#### ASSIGNED TASK:
Each record that follows should be transcribed word for word.

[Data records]
###

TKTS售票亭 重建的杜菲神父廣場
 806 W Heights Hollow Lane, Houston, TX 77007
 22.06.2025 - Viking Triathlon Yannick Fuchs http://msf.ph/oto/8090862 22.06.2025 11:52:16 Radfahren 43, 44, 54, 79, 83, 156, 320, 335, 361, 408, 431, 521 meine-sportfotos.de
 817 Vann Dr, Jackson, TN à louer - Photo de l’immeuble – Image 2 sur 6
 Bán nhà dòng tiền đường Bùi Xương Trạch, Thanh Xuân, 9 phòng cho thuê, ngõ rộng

###

#### TASK SOLUTION:
TKTS售票亭 重建的杜菲神父廣場
 806 W Heights Hollow Lane, Houston, TX 77007
 22.06.2025 - Viking Triathlon Yannick Fuchs http://msf.ph/oto/8090862 22.06.2025 11:52:16 Radfahren 43, 44, 54, 79, 83, 156, 320, 335, 361, 408, 431, 521 meine-sportfotos.de
 817 Vann Dr, Jackson, TN à louer - Photo de l’immeuble – Image 2 sur 6
 Bán nhà dòng tiền đường Bùi Xương Trạch, Thanh Xuân, 9 phòng cho thuê, ngõ rộng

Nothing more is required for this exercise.